Competition for orders should drive down prices
By Jim Carbone -- Purchasing, 7/16/2008 11:12:00 AM
Connector prices could fall in the second half despite higher raw materials costs because the strongest demand for connectors in 2008 may be over.
Connector orders were up for the first five months of the year, says Ron Bishop, president of researcher Bishop and Associates in St. Charles, Ill. “Year-to-date orders were up 13.9% through May. Sales are up 12.3% from one year ago.” But Bishop says there appears to be a slowdown in connector demand. In May orders were up only 4.2% from May 2007. In April, they were up 16.6%. He says double-digit monthly increases in orders in the second half are unlikely.

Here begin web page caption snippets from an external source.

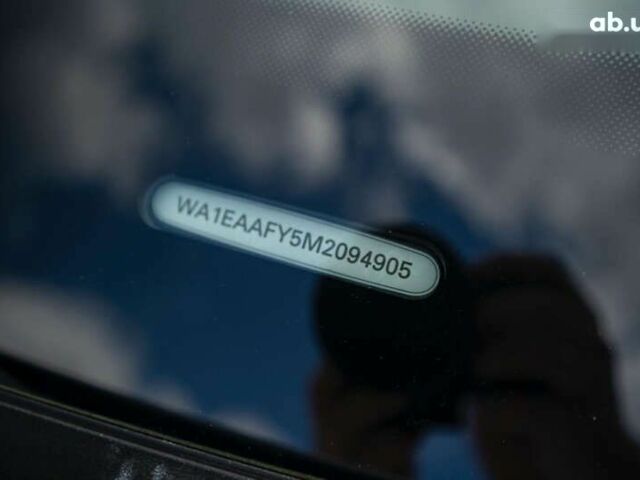 Ауди Ку 5, объемом двигателя 2 л и пробегом 10 тыс. км за 34500 $, фото 8 на Automoto.ua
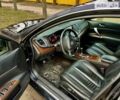 Черный Ниссан Теана, объемом двигателя 2.5 л и пробегом 265 тыс. км за 8000 $, фото 7 на Automoto.ua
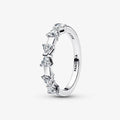 Pandora | Anello Fiocchi Luminosi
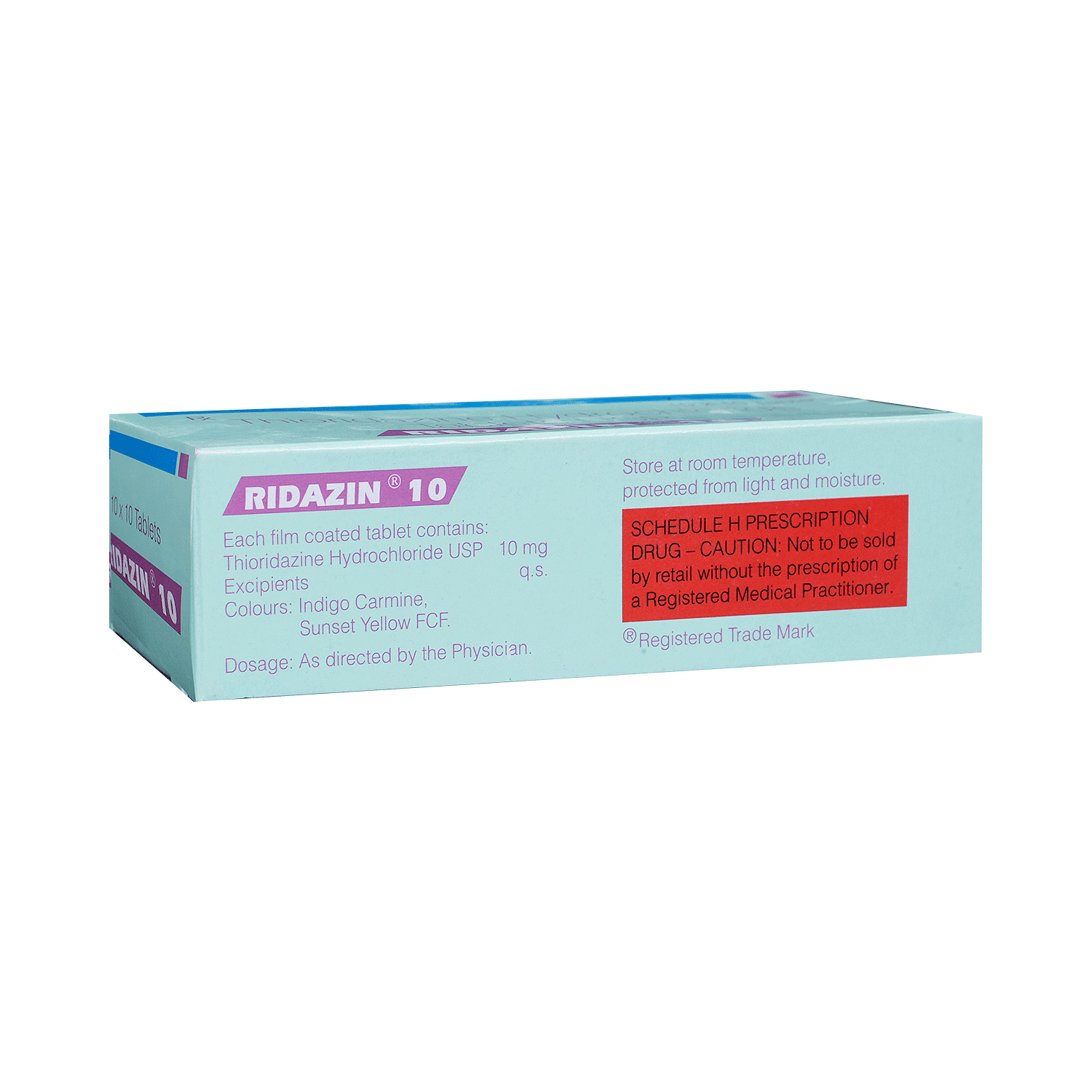medicine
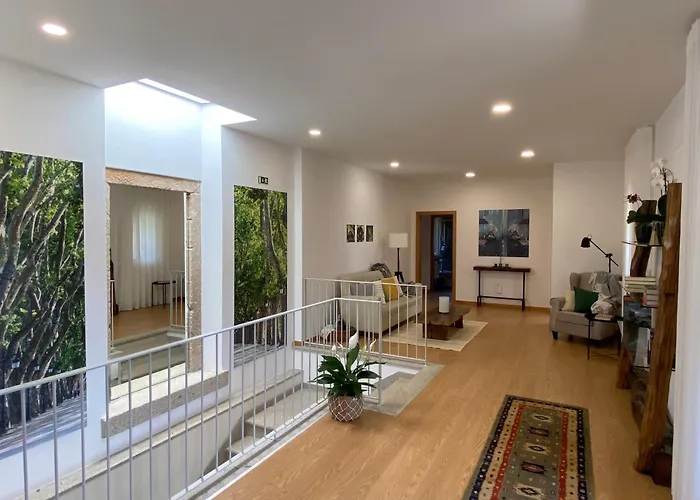 Villa Casa Da Gândara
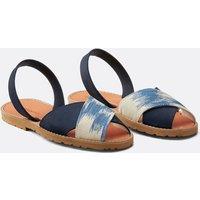 Avarca Cala Flat Sandals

While sales were up 12.3% for the first five months of the year, revenue will rise 7% for the year, according to Bishop. If orders decline—indicating weaker demand—it will be hard for connector manufacturers to pass on higher costs for materials. Copper, gold and materials used in connector production have increased during the past 12 months.
Last year, when raw materials costs increased, “connector manufacturers started to increase prices to distributors and then slugged it out with large OEMs every time a new contract came up,” says Bishop. “Suppliers got some concessions.” The net effect was a 1-2% increase in prices. Usually connector prices fall 2-5% each year.
“In the second half, connector demand will be softer and it is going to be difficult for connector makers to not compete on price a little bit more aggressively to get the order,” says Bishop. “We are going to see some price erosion again.”